Banks Caught in State/Federal Cannabis Conflict

March 26, 2019

Lawyers must counsel clients in the nascent industry of state-legalized cannabis that their routine business affairs violate federal law, a situation that new Attorney General William Barr calls “untenable.” It requires lawyers involved in the cannabis space to remain conscious of evolving law.

In 2009, Deputy AG David Ogden issued a memorandum to federal prosecutors in states that had passed medical marijuana laws. It said that federal resources should not focus on individuals in compliance with existing state laws providing for the medical use of marijuana. In 2013, Deputy AG James Cole published an update identifying eight enforcement priorities that were important to the federal government and would guide the DOJ’s enforcement of marijuana matters. It identified situations in which banks might run afoul of federal law, including providing services to a marijuana-related business knowing that it is diverting marijuana to a state where marijuana sales are illegal.

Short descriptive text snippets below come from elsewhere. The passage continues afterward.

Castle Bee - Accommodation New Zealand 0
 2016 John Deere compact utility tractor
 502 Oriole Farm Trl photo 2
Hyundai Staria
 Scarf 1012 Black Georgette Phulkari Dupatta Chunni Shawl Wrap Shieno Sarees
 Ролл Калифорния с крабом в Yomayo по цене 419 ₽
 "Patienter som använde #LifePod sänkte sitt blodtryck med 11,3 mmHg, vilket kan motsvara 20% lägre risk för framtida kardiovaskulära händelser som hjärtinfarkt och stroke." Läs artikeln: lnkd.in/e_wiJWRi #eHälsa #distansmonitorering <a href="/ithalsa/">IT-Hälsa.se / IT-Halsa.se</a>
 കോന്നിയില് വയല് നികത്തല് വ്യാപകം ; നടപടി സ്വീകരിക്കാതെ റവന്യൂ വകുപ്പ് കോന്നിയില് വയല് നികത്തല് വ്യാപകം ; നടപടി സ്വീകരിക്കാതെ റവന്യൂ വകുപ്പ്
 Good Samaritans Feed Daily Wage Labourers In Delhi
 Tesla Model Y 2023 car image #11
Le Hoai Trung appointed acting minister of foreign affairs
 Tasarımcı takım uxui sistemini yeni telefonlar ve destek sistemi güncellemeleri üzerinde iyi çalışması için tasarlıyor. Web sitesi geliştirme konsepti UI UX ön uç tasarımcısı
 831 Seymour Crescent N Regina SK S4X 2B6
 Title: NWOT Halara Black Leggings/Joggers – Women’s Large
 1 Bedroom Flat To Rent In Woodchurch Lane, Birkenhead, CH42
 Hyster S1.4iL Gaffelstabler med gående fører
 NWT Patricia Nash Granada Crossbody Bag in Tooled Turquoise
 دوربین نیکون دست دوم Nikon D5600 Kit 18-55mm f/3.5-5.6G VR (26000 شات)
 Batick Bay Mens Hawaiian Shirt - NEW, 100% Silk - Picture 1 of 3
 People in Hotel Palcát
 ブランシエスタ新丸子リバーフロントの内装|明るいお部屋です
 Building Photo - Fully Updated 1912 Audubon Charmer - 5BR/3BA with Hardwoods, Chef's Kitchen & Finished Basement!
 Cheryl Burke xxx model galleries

Former AG Sessions retracted both Ogden and Cole Memos in favor of a harder line; but nothing much changed because of an amendment to the federal spending bill, first approved in 2014 and every year thereafter, which prevents the DOJ from using federal funds to prosecute state-compliant medical marijuana operators in states that have legal cannabis programs. A 2016 Ninth Circuit interpretation strengthened the prohibition. In light of this amendment, even if the DOJ wants to prosecute state-compliant persons and businesses in the medical cannabis space, it has no funding.